Pourquoi le troisième plus bel ensemble médiéval d'Europe reste presque désert, quand Prague et Tallinn débordent de monde ?

Tu sais, il y a des dates que les pierres n'oublient jamais. Le 23 avril 1229, un matin de printemps sur le plateau d'Estrémadure, le roi Alfonso IX de Léon franchit une brèche dans les murailles de Cáceres et met fin à des décennies d'allers-retours entre croissant et croix. C'est le jour de la Saint-Georges. Les chroniqueurs léonais retiendront la coïncidence, comme si le saint chevalier avait tenu la bride du cheval royal.

Ce matin-là, je marche sur ces mêmes pierres avec toi. Le soleil rasant fait sortir de l'ombre les blasons sculptés au-dessus des portes, ces écus de granit que le temps a rendus couleur de miel. Aucun bruit de moteur, aucune foule. Rien qu'un vol de cigognes au-dessus des tours, ce claquement sec de bec qu'on entend dans toute la vieille ville et qui ressemble à des applaudissements lointains. Regarde bien, toi qui lis ces lignes: tu es dans le troisième ensemble médiéval le mieux conservé d'Europe, juste derrière Prague et Tallinn, et pourtant tu peux traverser une place entière sans croiser personne.

C'est ce paradoxe que nous sommes venus comprendre. Comment une ville aussi complète, aussi intacte, classée au patrimoine mondial de l'humanité par l'UNESCO en 1986, a-t-elle pu rester à ce point à l'écart des grands courants du tourisme ? La réponse, tu la trouveras dans les murs eux-mêmes.

Premiers pas dans la Ciudad Monumental

Nous entrons par l'Arco de la Estrella, cette porte que le vent d'hiver traverse en sifflant. Trois compagnons de route m'accompagnent, et tu vas les reconnaître au fil des jours.

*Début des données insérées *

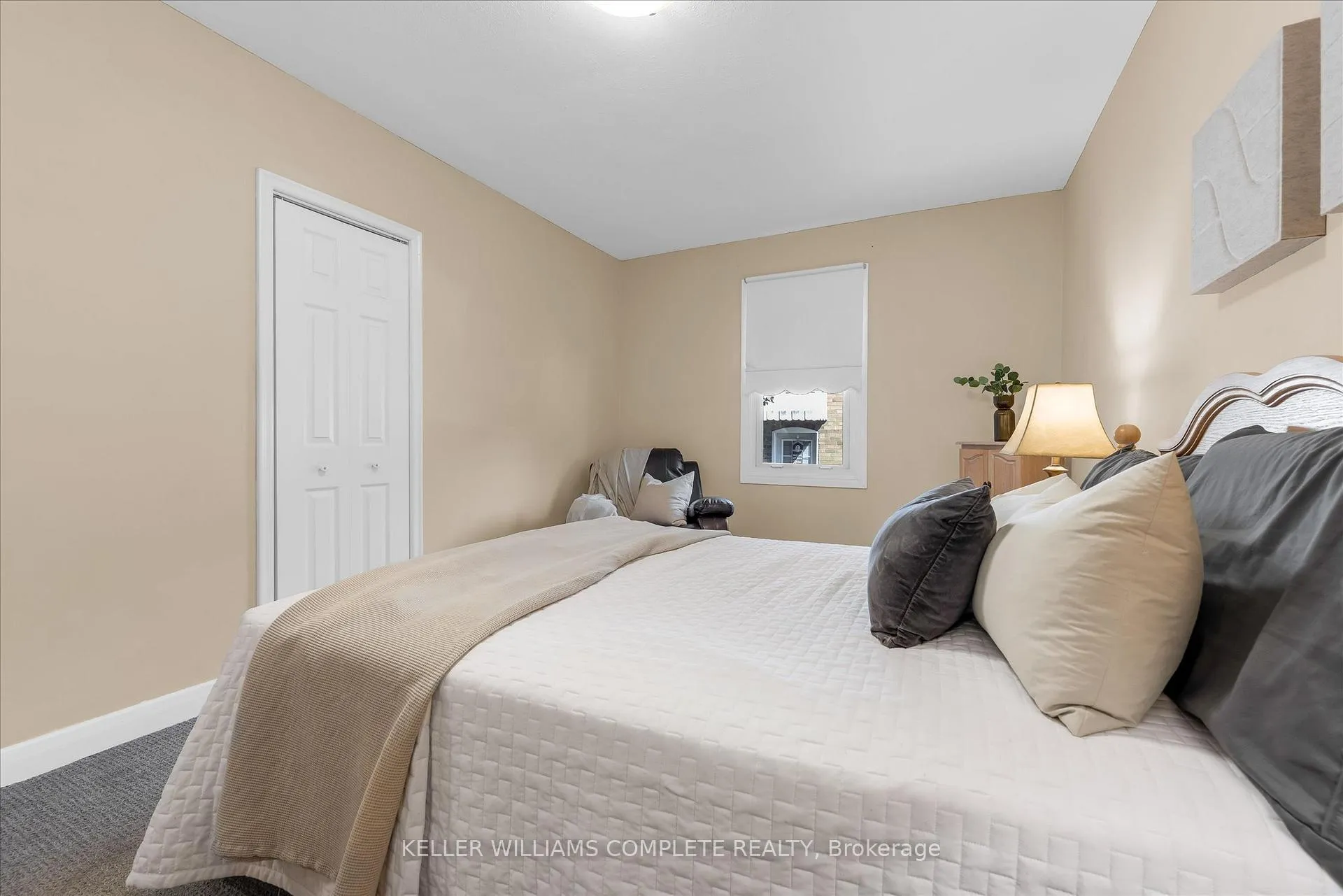 Photo 13 of 614 Drury Lane, Burlington, Brant — HOMEH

Remedios ouvre la marche. Sa famille habite l'intérieur des murailles depuis des générations, et elle parle de Cáceres comme d'une parente âgée dont on connaît les humeurs. Elle pose la main sur le granit froid en passant, un geste machinal, une caresse. Charlotte la suit, carnet ouvert, un stylo coincé derrière l'oreille. Historienne de l'urbanisme médiéval, venue de France, elle compare depuis des années les villes-carrefours d'Europe, celles où plusieurs mondes se sont superposés sans jamais tout à fait se dissoudre. Fernando ferme la marche, plus silencieux. Restaurateur du patrimoine, il travaille sur les façades de la Ciudad Monumental, et son regard s'accroche aux fissures, aux reprises de mortier, à tout ce que nos yeux ne voient pas.

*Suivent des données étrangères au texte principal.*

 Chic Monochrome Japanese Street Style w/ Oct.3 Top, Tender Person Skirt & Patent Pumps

« Tu sens cette odeur ? » me demande Remedios. Un mélange de pierre humide, de romarin qui pousse entre les dalles, et quelque part une cuisine qui s'éveille. « C'est l'odeur de mon enfance. Elle n'a pas changé. » La lumière tombe en biais sur les pavés luisants de la nuit passée. Il fait encore frais. On entend nos pas résonner entre les palais, et rien d'autre.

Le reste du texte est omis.